Summary and Contributions: The paper proposes integrating manually constructed knowledge into a Bayesian network for Action Unit and Facial Expression recognition. It is evaluated on both tasks, including AU recognition with weak supervision.

Strengths: The model seems to demonstrate promising results on expression of emotion recognition (Table 8)

Weaknesses: The description of expressions and action units could use more rigor: - Facial expression relates to a configuration of the human face. Most facial expressions can be described using action units (with some exception of speech related expressions). So while in some ways facial expressions and action units can be seen as different levels of abstraction to describe what a face is doing (with action units being lower level), they do not "represent two levels of facial muscle movements". Especially, as action units are based on visible muscle activations on the face. - Some of these expressions can have "semantic" names associated with them related to perceived emotion (for example anger, happiness etc.), however these are highly subjective, culture, and context dependent. While this does not mean that these labels are not useful, but it means that they are very susceptible to noise. In several places the paper refers to AU annotations being noisy, but not facial expression ones. I would argue for opposite being true, action unit annotations are typically (but not always) done by certified experts, while most of perceived emotion datasets are annotated by lay people. Finally, the correlations between the AUs and the expressions of emotion are very culture and context specific. The paper provides limited novelty. The idea to combine AUs and Global facial expression labels has been around for some time (e.g. "Facial expressions recognition system using Bayesian inference", "Real-Time Inference of Complex Mental States from Facial Expressions and Head Gestures", "Facial Emotion and Action Unit Recognition based on Bayesian Network"), would be great to have more discussion of what is different in the proposed approach and what are the advantages. The paper does not discuss potential issues of broader impact. While arguably less abusable than face recognition, facial expression recognition still has significant privacy concerns. One example is tracking at scale of how individuals react to certain political messages, or when exposed to certain political figures. Another is monitoring of individuals in public places to understand their emotional reactions to events. Again, while it is probably not as privacy invading as face recognition the technology is not without risks.

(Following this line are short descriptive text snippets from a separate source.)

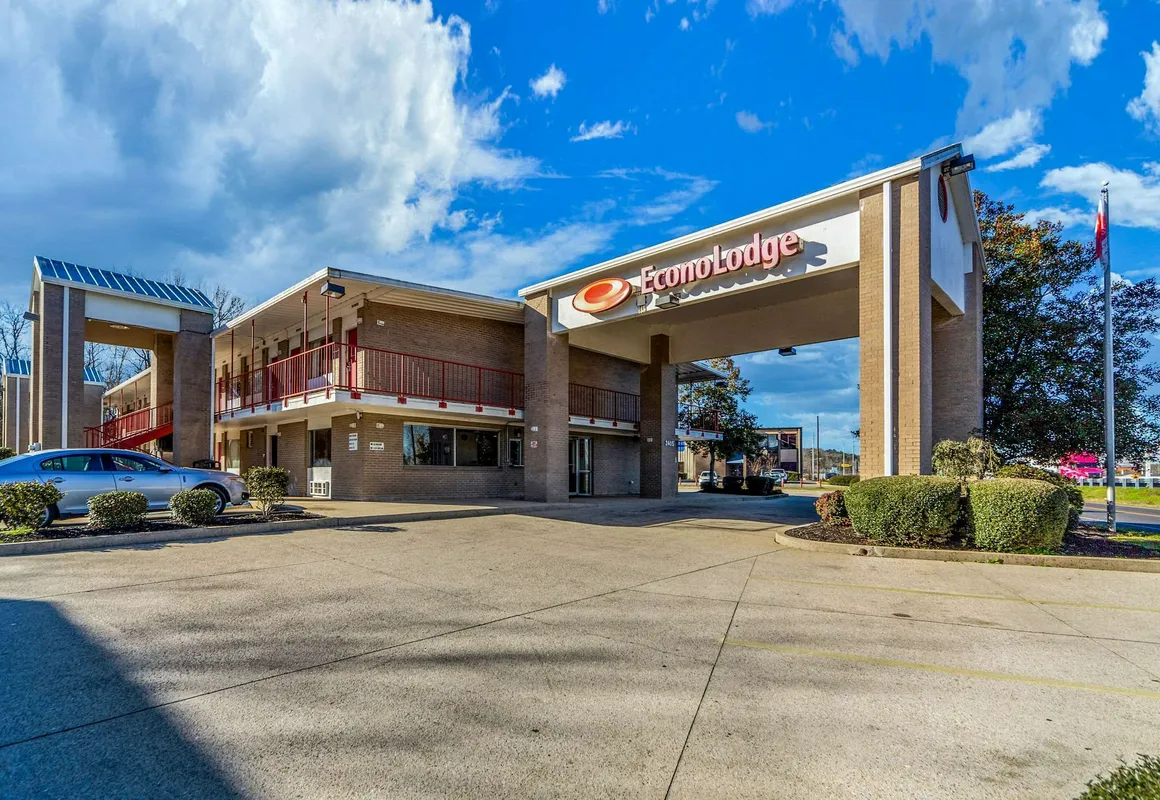 Econo Lodge Meridian South hotel hero
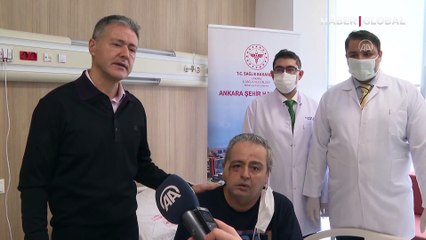 Kanserden yüzünün yarısını kaybeden hastaya yeni yüz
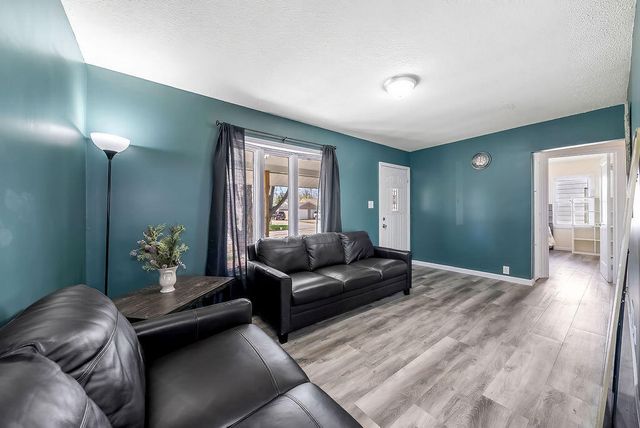 2517 S 7TH Street, Council Bluffs, IA 51501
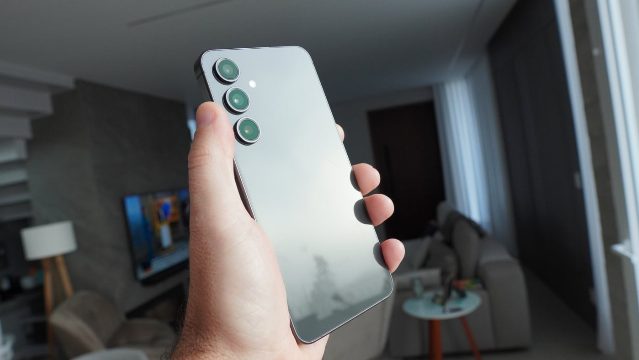 Galaxy S24 FE recebe atualização com patch de segurança de agosto
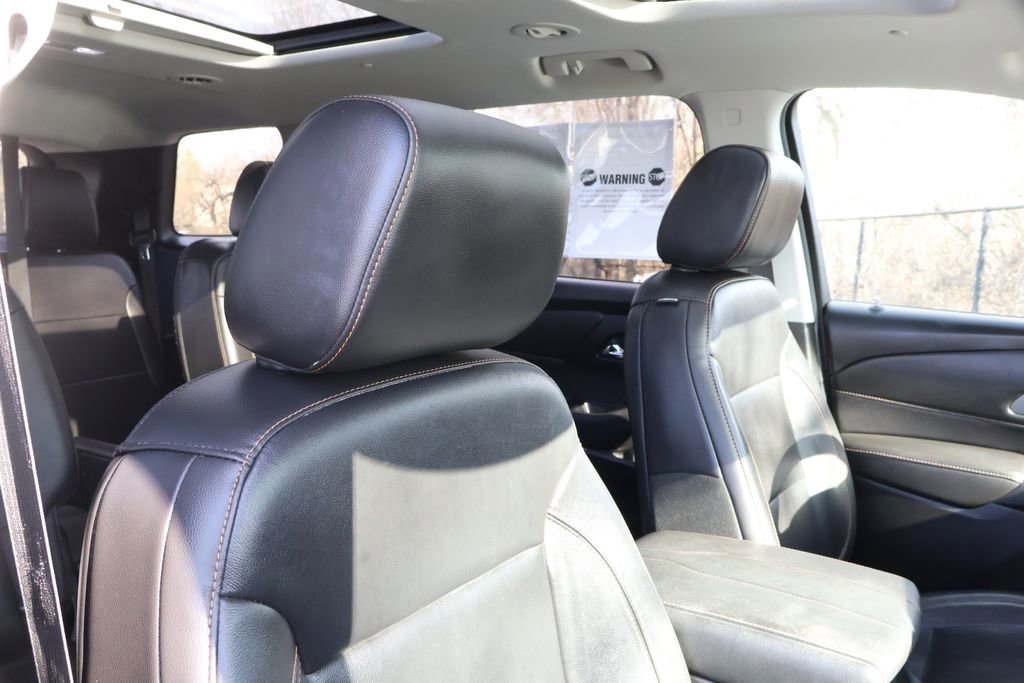 Used 2020 Chevrolet Traverse LT w/ LT Premium Package image 38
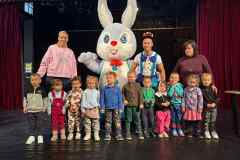 89d7d303-297d-46a3-a4d1-c6c98b958fc5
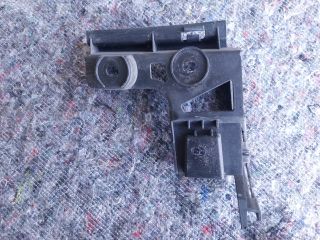 bontott VW TOURAN Bal hátsó Oldal Lökhárító Tartó (Műanyag)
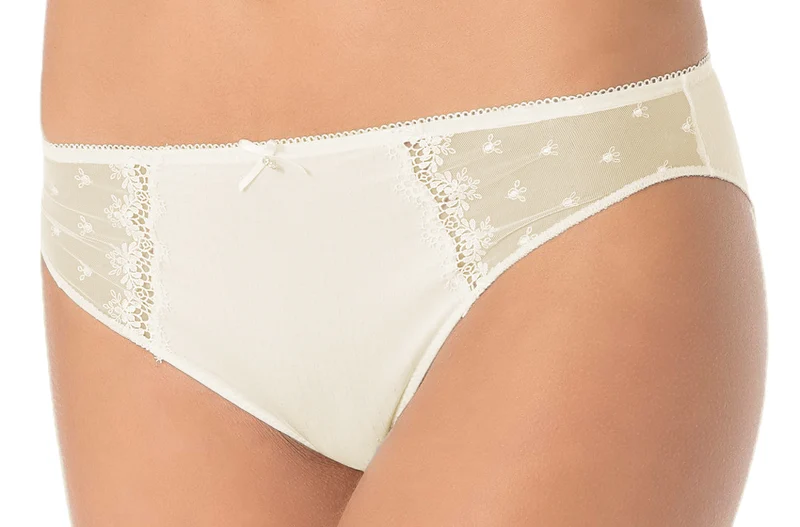 Nina von C. Minislip mit Spitze 1350535 | Champagner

Correctness: The proposed method and evaluation methodology appear to be sound.

Clarity: The paper is difficult to follow and understand. It would benefit from proof-reading and copy editing. A lot of methods and their combinations are introduced, making it fairly difficult to understand contribution of each.

Relation to Prior Work: The work could do with clarifying the difference between their proposed method and a number of other approaches that integrate AU and expression of emotion information in a Bayesian framework.

Reproducibility: Yes

Additional Feedback:

Review 3

Summary and Contributions: The paper proposes a knowledge-augmented deep learning framework that jointly performs facial expression recognition (FER) and Action Union (AU) detection, two separate but closely related research tasks. The domain knowledge of the inter-relationships between expressions and AUs is modelled using a regression Bayesian network (rBN) that is learned with probability constraints derived from the expert knowledge. During training, the combined expression distribution of FER, AU and rBN is used to supervise the framework to exploit interactions between three sub-modules. With the incorporated domain knowledge, the proposed framework achieves state-of-the-art results on FER and weakly-supervised AU tasks, and generalizes well to datasets with unbalanced or noisy labels. -----rebuttal update------- After checking other reviewers' comments and the author response, I still think this is a borderline work. Since the authors have addressed part of my concerns in the response, I will raise my vote from 5 to 6.

Strengths: 1. The paper connects FER and AU detection, two closely related tasks using one joint framework. 2. It provide an weakly supervised learning framework to incorporate domain knowledge of the expression-AU relationship. This allows the framework to perform AU detection even when the training data does not provide AU labels, which is hard to annotate.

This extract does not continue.